ML Business Card
Machine Learning on a Business card
I’ve seen blog posts of business cards that run linux - exhibit A, exhibit B - and as a tinkerer and someone involved in embedded systems, this absolutely tickles me. How cool! Think about what this says of you, immediately!
I really wanted to make a business card like this - specifically, one with a microchip, embedded software, and some fun functionality. But I’m not really an embedded OS person, more of an embedded ML person. Can we run embedded machine learning inference on a business card?
Contents
The Idea
Let’s go over what this would entail. I want a circuit board the size of a business card (about 2” x 3”, or 50mm x 80mm), with my details printed on it. It needs to have a circuit that uses a microchip, and this microchip must run a machine learning algorithm - specifically, a neural network.

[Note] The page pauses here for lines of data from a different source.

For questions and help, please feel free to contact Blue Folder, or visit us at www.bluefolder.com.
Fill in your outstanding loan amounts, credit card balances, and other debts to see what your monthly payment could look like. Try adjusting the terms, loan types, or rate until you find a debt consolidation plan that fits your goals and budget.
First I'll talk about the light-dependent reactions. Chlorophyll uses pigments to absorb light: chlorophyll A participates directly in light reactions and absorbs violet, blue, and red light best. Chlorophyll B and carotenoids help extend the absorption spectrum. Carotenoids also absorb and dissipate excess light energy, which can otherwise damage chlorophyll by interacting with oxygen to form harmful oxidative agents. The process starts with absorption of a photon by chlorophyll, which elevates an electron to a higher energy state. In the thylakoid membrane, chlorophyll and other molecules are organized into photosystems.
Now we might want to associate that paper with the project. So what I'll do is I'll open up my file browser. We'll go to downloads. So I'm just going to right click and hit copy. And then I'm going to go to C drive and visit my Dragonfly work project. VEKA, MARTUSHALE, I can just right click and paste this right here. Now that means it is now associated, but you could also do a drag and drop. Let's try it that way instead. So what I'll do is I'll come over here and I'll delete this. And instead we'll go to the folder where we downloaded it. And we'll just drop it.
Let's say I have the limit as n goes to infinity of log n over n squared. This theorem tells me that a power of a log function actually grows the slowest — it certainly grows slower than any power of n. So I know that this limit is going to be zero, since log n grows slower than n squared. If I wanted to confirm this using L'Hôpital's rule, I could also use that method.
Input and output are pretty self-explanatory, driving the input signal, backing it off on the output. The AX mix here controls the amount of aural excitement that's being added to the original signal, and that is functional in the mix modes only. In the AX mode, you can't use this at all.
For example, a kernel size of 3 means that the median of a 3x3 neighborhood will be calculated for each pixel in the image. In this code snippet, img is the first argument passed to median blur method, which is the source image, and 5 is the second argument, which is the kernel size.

The neural network should take some input from the user, and give some feedback that it was successful. It also should be powered by USB, for convenience.
I know from the examples above that this is possible. That is, a business-card-sized circuit board with a microchip powered by USB is do-able. The question is: what neural network can we run on such a tiny chip?
Neural networks
Before going further, let’s discuss neural networks. If you already know about them, jump ahead. If you don’t this is not a comprehensive explanation - they’re a dense topic. This is just an overview. A neural network is an algorithm that performs statistical categorisation. Or, in other words, AI. It takes some input like an image or an audio stream, finds some notable pattern within like a collection of pixels that resemble a face, or a collection of frequencies and amplitudes that sound like “hello”, and assign a score to a number of categories. These might be: face, ball, apple, dog. They could be spoken words: hello, goodbye, hey google. A high score for a particular category denotes confidence that “this is it”.

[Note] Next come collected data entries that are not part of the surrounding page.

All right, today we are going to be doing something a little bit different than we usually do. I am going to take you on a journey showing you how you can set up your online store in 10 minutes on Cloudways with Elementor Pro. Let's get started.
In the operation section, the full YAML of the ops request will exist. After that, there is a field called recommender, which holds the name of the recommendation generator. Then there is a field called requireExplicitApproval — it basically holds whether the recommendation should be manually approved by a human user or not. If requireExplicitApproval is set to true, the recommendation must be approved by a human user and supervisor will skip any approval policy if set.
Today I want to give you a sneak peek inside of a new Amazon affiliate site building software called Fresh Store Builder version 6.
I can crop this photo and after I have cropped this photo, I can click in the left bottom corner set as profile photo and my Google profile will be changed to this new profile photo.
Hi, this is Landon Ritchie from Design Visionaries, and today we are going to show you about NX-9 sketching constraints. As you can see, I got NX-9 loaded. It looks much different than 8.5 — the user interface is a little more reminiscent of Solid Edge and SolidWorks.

Typically, however, neural networks are computationally intensive - that is, they require a lot of time and mathematics to arrive at an answer. Big powerful processors do this with ease. Tiny microprocessors that fit onto business cards … less so. The neural network needs to be minimal.
A speech recognition neural network sounds like a good idea - this would recognise a set of spoken words, and somehow display which word was spoken to the user. The input here would be a brief snippet of audio. The advantage is that this takes up a lot less memory than, say, an image from a camera. Correspondingly, such neural networks tend to be smaller - especially when they do not detect many words. Microphones can be really small, on the order of millimetres. I can use LEDs to display the result in some way - maybe just recognise numbers spoken, like “one”, “two”, etc, and display the number.
Making my own neural network
Some research uncovered this tutorial. This is a speech recognition neural network model, that is run on an Arduino (read: tiny microprocessor). Perfect! Even better is that the tutorial demonstrates how to train the model with new data, and the training data gives a bigger selection of words to choose from. These include the numbers ‘one’ to ‘nine’. I selected these numbers for the model to detect, ran through the training tutorial, and bam - a small neural network model that recognises a few spoken numbers.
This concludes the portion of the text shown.